Estimating (i). The author proposes that the market order sizes follow a power law distribution:

$$f(x)^Q \propto x^{-1-\alpha}$$

So no problem estimating this.

Estimating (ii). There are two equations of interest here:

$$\Delta p \propto \ln Q \tag{11}$$

$$\begin{align} \lambda (\delta) &= \Lambda \mathbb{P} [\Delta p > \delta] \\ &= \Lambda \mathbb{P}[\ln Q > K \delta] \\ &= \Lambda \mathbb{P} [Q > \exp \left( K \delta \right)] \\ &= \Lambda \int_{\exp (K \delta)}^{\infty} x^{-1-\alpha} dx \\ &= A \exp \left( -k \delta \right) \end{align} \tag{12}$$

According to the above two:

Line 1 in (12) says $\Delta p > \delta$, but we know that $\Delta p = c \ln Q$, therefore we can re-write:

$$\begin{align} \mathbb{P} [\Delta p > \delta] &= \mathbb{P} [c \ln Q > \delta] \\ &= \mathbb{P} [\ln Q > \frac{1}{c} \delta] \end{align}$$

Therefore, $K = \frac{1}{c}$, the inverse of the proportionality constant that we find in relation $\Delta p \propto \ln Q$.

Is this correct? (The estimation of $K$).

Note: I am aware of Sophie Laruelle's paper.
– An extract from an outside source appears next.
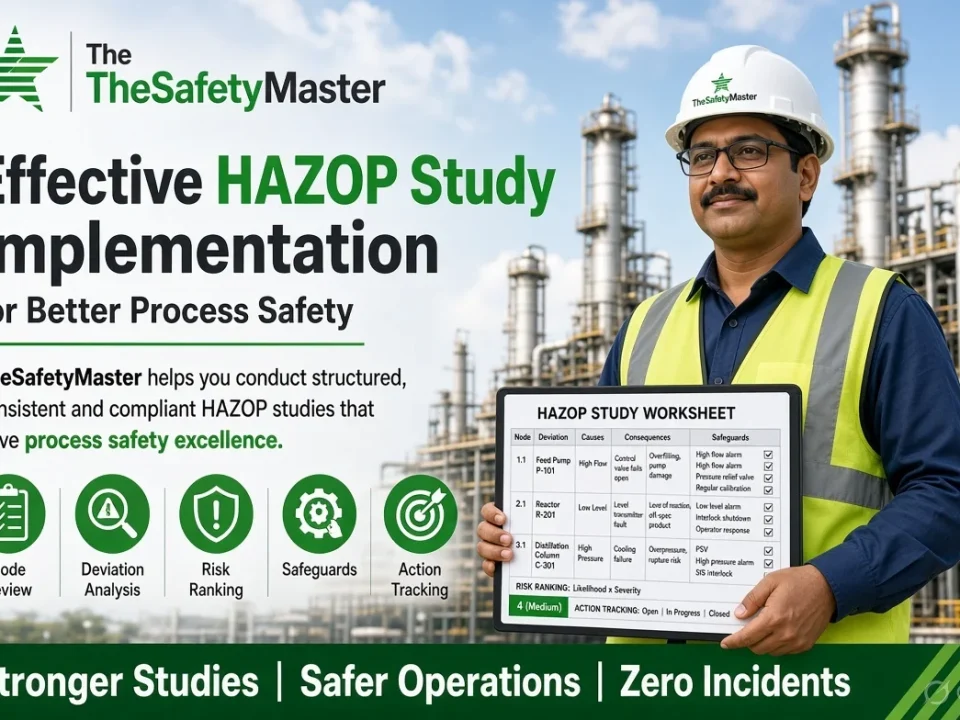 HAZOP Study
But, unfortunately, I do not know French.

Super Note: My understanding of this answer relating to Sophie's paper:

Definitions:

  • $t_0$ - start time (this is the start time point in the interarrival time slots in a Poisson Process). Simply put, if you get hit, that is a new time: $t_1$, which becomes your new start time.

  • $\delta P$ - distance of your order from the mid price. If the mid price is \$100, and your bid is at \$85, then this quantity is \$15. Same for asks, obviously.
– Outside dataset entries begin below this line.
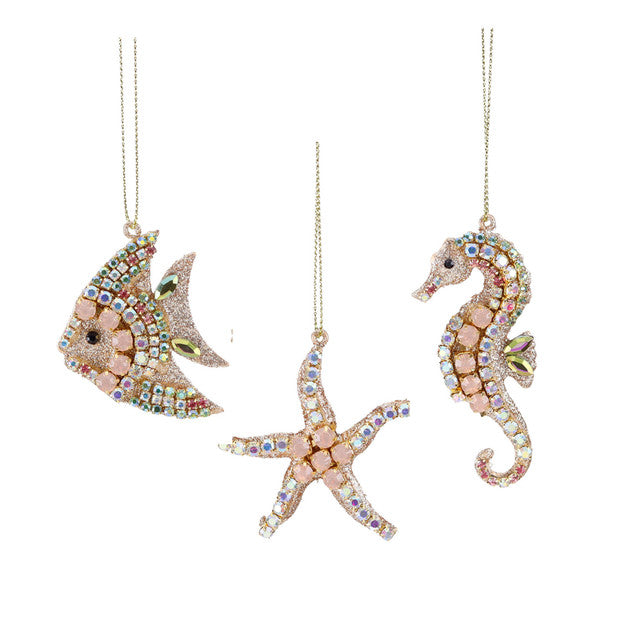 zeedieren goud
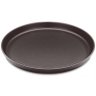 Assadeira Pizza Alumínio 30Cm Preta Brasil 20058030 - 1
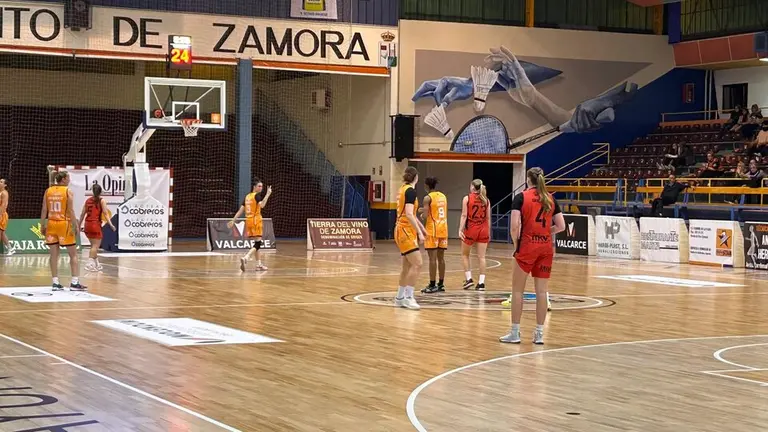 Zamarat vs Barakaldo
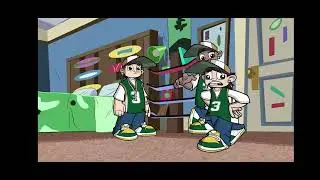 Wild Grinders - Swaggerless S01 E44 (Full Episode)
  • $P^m (t) $ - is your mid price at time $t$.

Procedure:

  • Record start time: $t_0$ and corresponding mid price: $P^m(t_0)$ at this time.
  • Record the time $t_1$ when the bid/ask is hit and the $\delta P$s. The reason I have added plural "s" ending in there is because you might get hit at a number of levels. An example is asked for here. This is your order book (OB):
|--- qty ---| --- size --- |
asks
 $105        10
 $104         5
bids
 $100         6
 $99          5

Imagine a market order comes in that eats 8 units on the bid size (so it was a market sell). You record the change in price, $\delta P = \$102 - \$100 = \$2$ at first level and the corresponding time of this trade, $t_1$. You also record $\delta P = \$102 - \$99 = \$3$ at the same time, $t_1$ (in this case). If there was a market order that only took portion of the best ask/bid, or full best ask/bid and did not go deeper, we would only collect a single $\delta P$ with its corresponding $t$. Note that you can define the point at which the order is hit differently, this is up to you. - You now have time lengths and corresponding sizes. Interarrival times in a Poisson Process are exponential:

$$\mathbb{P}[X_1 > t] = \mathbb{P}\left[ \texttt{no arrival in time (0, t]} \right]= e^{-\lambda t} $$

  • So now for each bucket of price changes like: $[\$1, \$1.5]$ i.e. all of the $\delta P$ that are between 1 and 1.5 bucks, you have a list of interarrival times: $[0.3, 0.2, 0.5, 0.7, 1.1]$ in seconds. Fit the above exponential distribution to each data bucket to obtain some empirical estimate of $\lambda$.

  • You now have figure 1 from Sophie's paper. Well done.

Problems ahead:

  • What now? So the question is, if you fit the regression to this, what is your $k$, what is your $A$?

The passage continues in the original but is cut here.